*Data segment:*
---+---
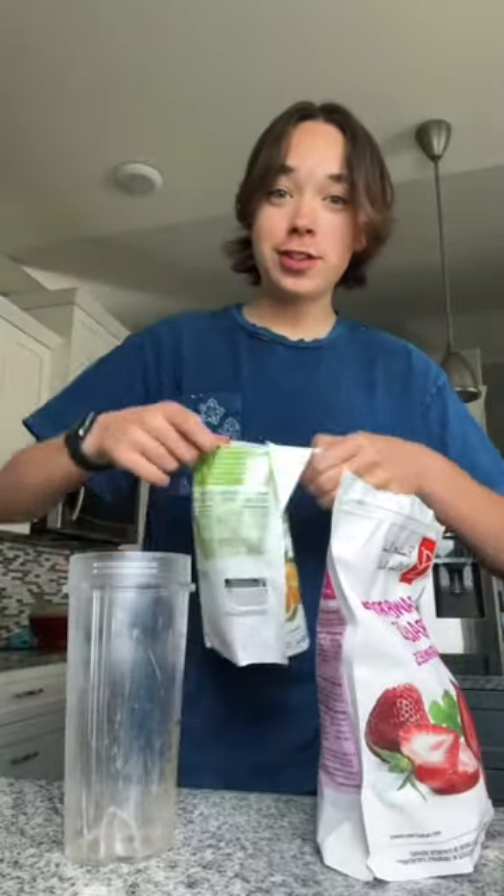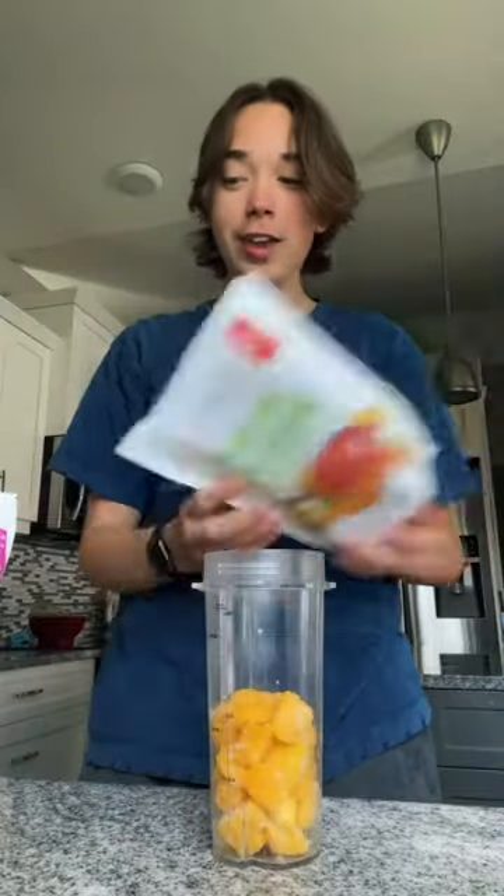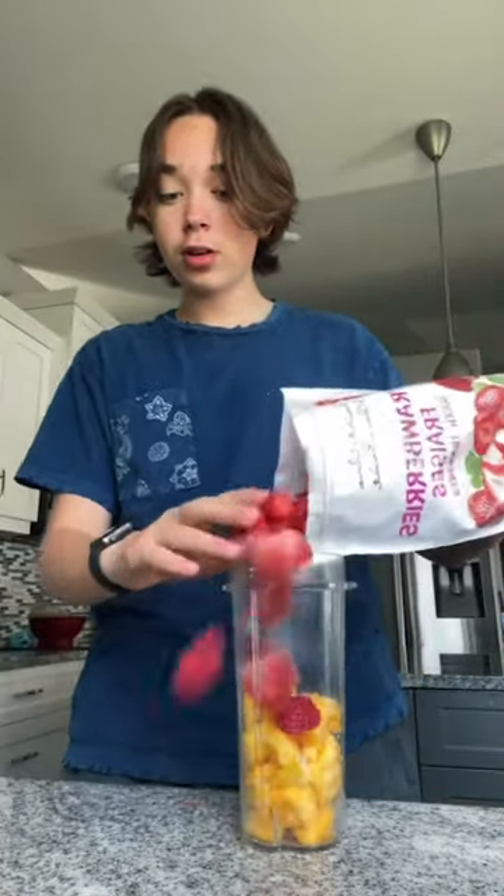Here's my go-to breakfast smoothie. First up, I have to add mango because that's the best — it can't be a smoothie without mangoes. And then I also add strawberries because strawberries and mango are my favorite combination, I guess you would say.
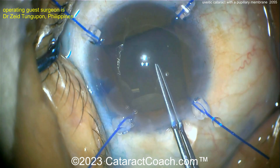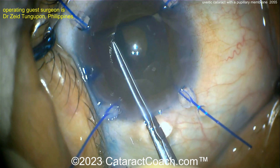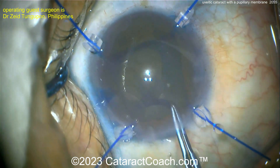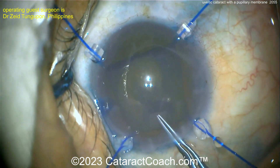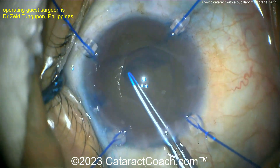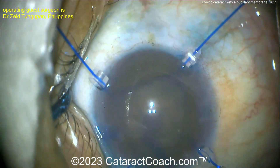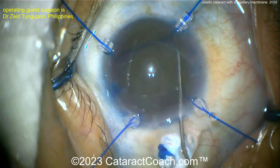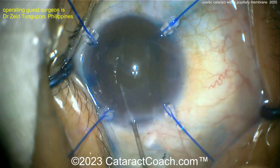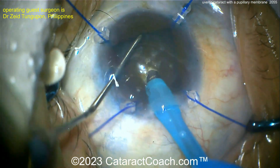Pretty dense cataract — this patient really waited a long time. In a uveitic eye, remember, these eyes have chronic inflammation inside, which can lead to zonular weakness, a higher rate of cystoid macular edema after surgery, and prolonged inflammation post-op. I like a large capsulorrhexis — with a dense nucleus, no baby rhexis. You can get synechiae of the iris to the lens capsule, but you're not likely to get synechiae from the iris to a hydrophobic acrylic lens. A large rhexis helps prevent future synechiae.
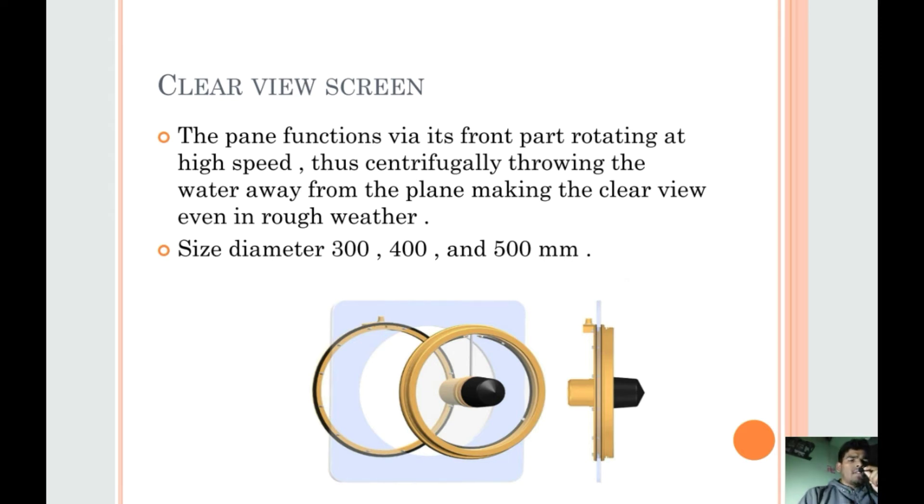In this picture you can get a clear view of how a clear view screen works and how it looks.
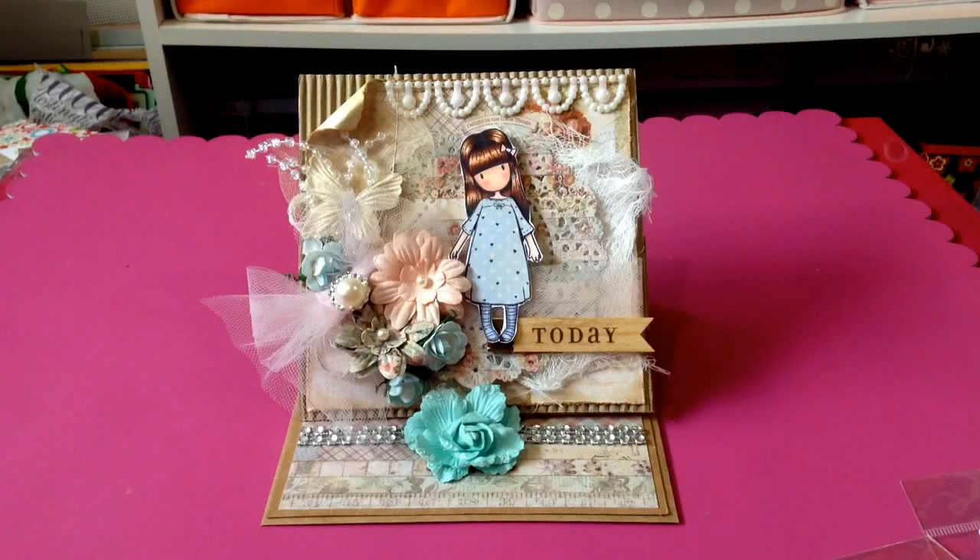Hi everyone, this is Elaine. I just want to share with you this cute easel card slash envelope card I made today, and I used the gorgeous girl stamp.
---+---
*Task to complete:*
Write out exactly, and only, the lines running from the line with "In this picture" to the last line above, both included, with all pictures omitted.

*Response to the exercise:*
In this picture you can get a clear view of how a clear view screen works and how it looks.
Hi everyone, this is Elaine. I just want to share with you this cute easel card slash envelope card I made today, and I used the gorgeous girl stamp.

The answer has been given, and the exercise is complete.